▸ **DATA SECTION**
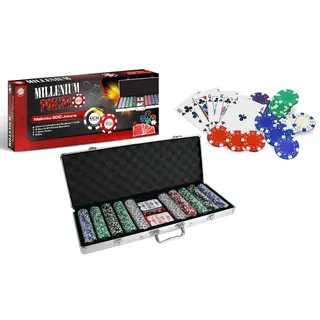MGM GAMES - Pokerchip-Koffer mit 500 Jetons - Mehrfarbig - 140500 - Kartenspiel - Metall - 2 bis 6 Spieler - Spielkarten - Gesellschaftsspiele - 11,5 g - 56 cm x 21 cm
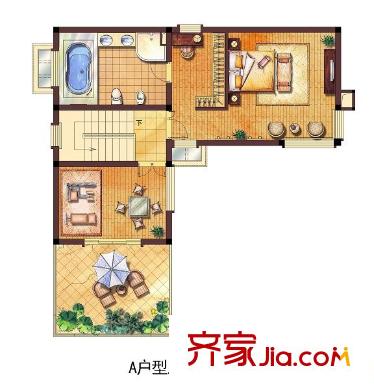 海德花园户型图A户型三层平面图 1室1厅1卫1厨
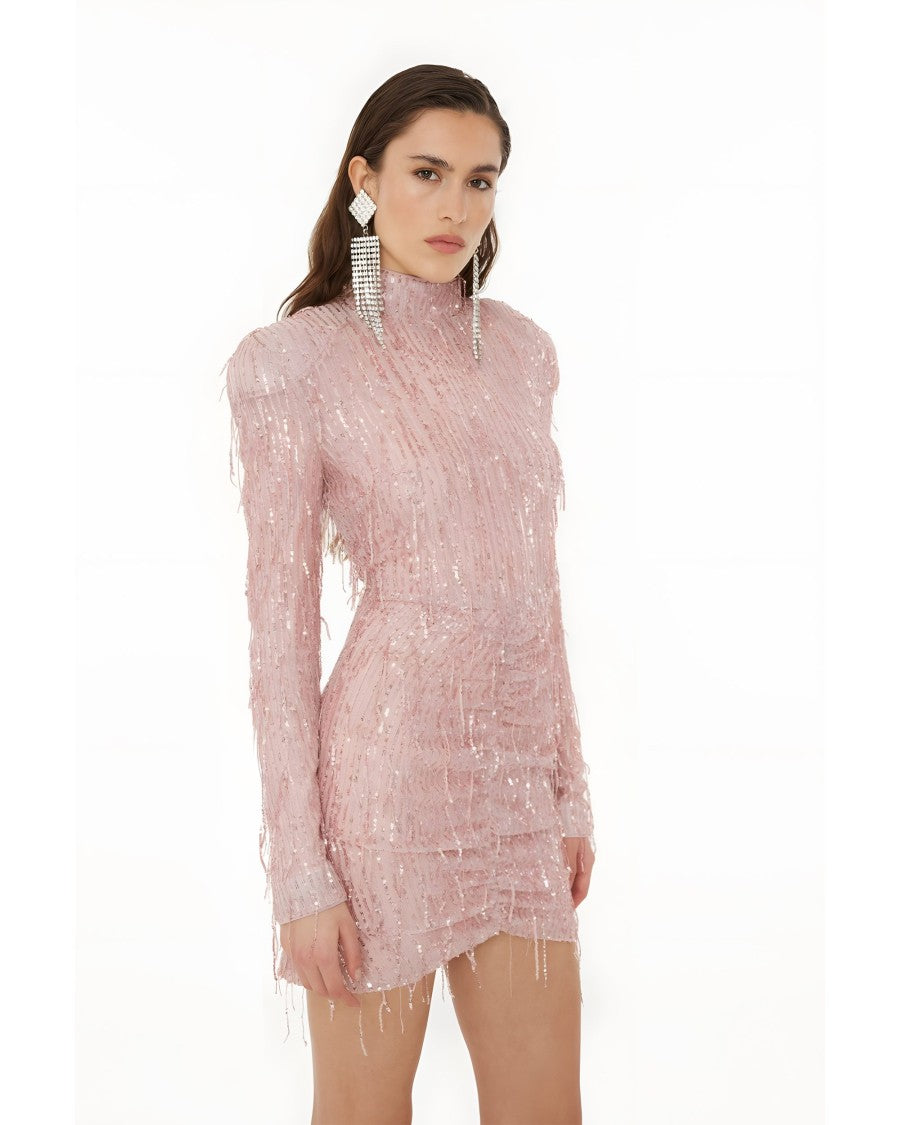 Rotate Mini Dress With Sequins And Fringe – Pink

▸ **WHAT TO WORK ON**
Please copy out the whole listing exactly as it stands, minus the pictures.

▸ **EXERCISE ANSWER**
MGM GAMES - Pokerchip-Koffer mit 500 Jetons - Mehrfarbig - 140500 - Kartenspiel - Metall - 2 bis 6 Spieler - Spielkarten - Gesellschaftsspiele - 11,5 g - 56 cm x 21 cm
 海德花园户型图A户型三层平面图 1室1厅1卫1厨
 Rotate Mini Dress With Sequins And Fringe – Pink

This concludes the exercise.